LangSmith

Since I first getting into LLM integrated within App development, I’ve been mainly using logger for tracing (e.g. to keep track of module processed logs) and debugging. More recently, I tried looking into platforms that might make LLM code development more seamless. LangSmith was the first brought to my attention as I’ve been using Langchain in most of my usecases. LangSmith is developed as a Platform to support DevOps by Langchain. We can look for detail capabilities of LangSmith here, but at high-level, it offers tracing, evaluation, and prompt management for LangChain (I’ve tried and will give an example below) or other LLM framework (To be tried).

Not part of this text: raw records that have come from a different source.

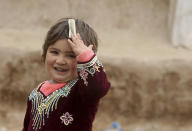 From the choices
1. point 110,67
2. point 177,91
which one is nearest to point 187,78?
point 177,91

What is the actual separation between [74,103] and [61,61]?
6.4 inches

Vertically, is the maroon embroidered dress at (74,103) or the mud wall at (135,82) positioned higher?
the mud wall at (135,82)

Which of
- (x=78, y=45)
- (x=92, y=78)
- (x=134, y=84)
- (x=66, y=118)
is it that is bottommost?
(x=66, y=118)

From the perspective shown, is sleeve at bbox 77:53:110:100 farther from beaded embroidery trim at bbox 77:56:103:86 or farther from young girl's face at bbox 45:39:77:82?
young girl's face at bbox 45:39:77:82

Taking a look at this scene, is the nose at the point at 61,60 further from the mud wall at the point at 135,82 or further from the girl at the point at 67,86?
the mud wall at the point at 135,82

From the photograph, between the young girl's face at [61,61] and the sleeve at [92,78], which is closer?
the sleeve at [92,78]

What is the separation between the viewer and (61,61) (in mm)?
1600

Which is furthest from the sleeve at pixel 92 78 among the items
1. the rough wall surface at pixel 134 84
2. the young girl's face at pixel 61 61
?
the rough wall surface at pixel 134 84

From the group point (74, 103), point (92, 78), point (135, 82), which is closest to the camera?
point (92, 78)

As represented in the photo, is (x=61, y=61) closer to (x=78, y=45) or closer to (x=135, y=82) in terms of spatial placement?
(x=78, y=45)

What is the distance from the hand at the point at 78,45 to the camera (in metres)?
1.50

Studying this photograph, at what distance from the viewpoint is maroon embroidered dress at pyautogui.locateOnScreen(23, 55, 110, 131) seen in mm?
1462

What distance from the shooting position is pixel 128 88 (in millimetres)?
4520

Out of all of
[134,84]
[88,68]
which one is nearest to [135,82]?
[134,84] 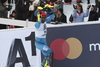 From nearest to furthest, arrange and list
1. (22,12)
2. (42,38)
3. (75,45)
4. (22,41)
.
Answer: (42,38) < (75,45) < (22,41) < (22,12)

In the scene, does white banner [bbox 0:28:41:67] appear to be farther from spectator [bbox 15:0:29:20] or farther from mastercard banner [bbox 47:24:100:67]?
spectator [bbox 15:0:29:20]

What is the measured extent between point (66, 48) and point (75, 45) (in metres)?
0.19

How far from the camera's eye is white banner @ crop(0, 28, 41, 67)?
17.4 ft

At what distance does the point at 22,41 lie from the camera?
17.7ft

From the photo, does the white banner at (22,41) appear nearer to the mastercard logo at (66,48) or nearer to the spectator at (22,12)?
the mastercard logo at (66,48)

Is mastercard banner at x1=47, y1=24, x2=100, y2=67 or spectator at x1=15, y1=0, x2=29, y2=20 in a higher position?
spectator at x1=15, y1=0, x2=29, y2=20

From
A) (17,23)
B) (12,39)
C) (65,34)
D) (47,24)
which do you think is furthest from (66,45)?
(17,23)

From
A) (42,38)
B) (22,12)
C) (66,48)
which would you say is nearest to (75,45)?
(66,48)

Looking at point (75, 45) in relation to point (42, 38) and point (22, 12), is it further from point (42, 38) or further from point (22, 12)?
point (22, 12)

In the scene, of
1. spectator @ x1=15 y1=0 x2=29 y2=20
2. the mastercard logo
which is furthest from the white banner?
spectator @ x1=15 y1=0 x2=29 y2=20

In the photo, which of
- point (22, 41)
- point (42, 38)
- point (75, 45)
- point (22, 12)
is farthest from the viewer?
point (22, 12)

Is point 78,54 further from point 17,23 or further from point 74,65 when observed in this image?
point 17,23

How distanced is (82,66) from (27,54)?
1.18 meters

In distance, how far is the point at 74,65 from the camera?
16.5 feet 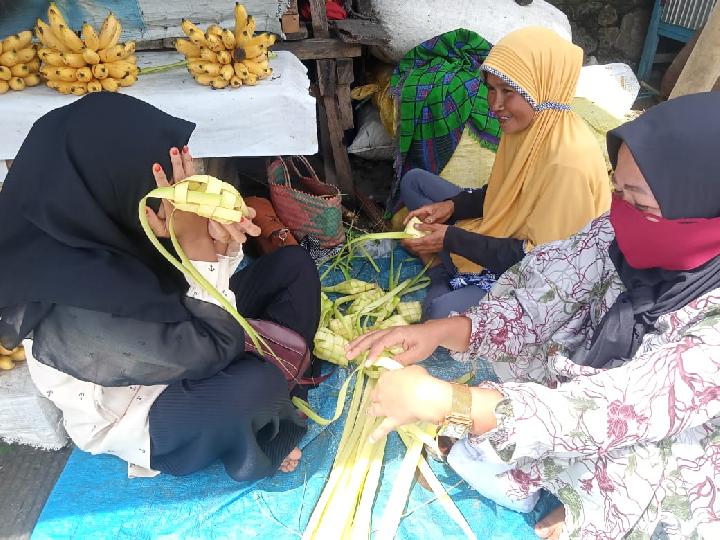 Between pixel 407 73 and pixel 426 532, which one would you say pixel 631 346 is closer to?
pixel 426 532

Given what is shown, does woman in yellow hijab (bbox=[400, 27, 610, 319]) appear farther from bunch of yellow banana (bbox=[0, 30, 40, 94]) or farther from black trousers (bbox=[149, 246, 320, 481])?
bunch of yellow banana (bbox=[0, 30, 40, 94])

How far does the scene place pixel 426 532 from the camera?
1.86 m

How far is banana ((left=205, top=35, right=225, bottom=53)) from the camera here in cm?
265

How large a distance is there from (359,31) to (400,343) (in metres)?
2.35

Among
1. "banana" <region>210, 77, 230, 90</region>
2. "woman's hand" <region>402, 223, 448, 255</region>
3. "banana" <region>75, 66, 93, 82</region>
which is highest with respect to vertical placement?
"banana" <region>75, 66, 93, 82</region>

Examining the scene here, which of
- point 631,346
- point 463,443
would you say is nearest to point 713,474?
point 631,346

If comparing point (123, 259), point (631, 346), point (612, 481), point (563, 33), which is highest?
point (563, 33)

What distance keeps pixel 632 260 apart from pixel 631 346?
24cm

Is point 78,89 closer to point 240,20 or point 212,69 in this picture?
point 212,69

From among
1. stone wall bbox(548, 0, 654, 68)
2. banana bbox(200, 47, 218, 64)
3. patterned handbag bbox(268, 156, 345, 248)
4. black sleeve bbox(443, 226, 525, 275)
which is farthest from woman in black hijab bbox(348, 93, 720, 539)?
stone wall bbox(548, 0, 654, 68)

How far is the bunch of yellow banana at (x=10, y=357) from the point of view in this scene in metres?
2.10

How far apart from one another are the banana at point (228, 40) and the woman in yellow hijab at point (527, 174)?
1.20 m

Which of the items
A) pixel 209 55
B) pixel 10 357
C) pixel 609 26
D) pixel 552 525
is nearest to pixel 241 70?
pixel 209 55

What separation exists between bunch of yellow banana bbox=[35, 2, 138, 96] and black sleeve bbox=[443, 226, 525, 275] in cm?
175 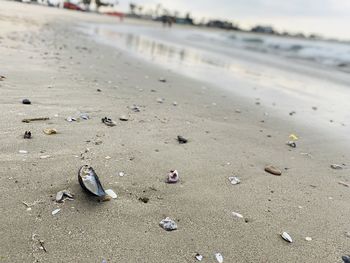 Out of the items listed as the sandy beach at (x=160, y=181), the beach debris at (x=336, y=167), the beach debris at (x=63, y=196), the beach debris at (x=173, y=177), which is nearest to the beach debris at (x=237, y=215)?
the sandy beach at (x=160, y=181)

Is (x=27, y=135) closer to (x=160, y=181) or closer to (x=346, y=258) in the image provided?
(x=160, y=181)

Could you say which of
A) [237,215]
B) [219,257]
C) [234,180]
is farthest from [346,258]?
[234,180]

Below, I’d document some notes how to get started with LangSmith.

Pre-requisite and setup

  • Steps by steps guide can be found here.

  • For personal use, I setup a LangSmith account linking to my github account. After that, we’d see the following screen.

  • LangSmith started charging more recently, and it’s pricing model for non-personal account can be found here. There are alternative open-sourced tools (e.g. Langfuse) that I will share in another future post.

  • I then created my LangSmith API keys elect “Settings”. Use this API key for the env variable LANGCHAIN_API_KEY.

If you’re using Langchain

  • No additional specification is needed once the environment variable is all set. For example, if running the below Langchain example:
from langchain_community.llms import Ollama
from langchain_community.chat_models import ChatOllama
from langchain_core.messages import HumanMessage

llm = Ollama(model="llama2")
chat_model = ChatOllama()

text = "What would be a good time to eat lunch?"
messages = [HumanMessage(content=text)]

print(llm.invoke(text))
  • We’d found the running under the default project if without specifying:

  • And We’d be able to see this execution logged on LangSmith. This supports us keep track of the input, output, latency, number of tokens, cost and more.

  • Multiple executions under the same project can be tracked, which can used as a dashboard to support debugging for data scientists.

  • More “how-tos” can be found here.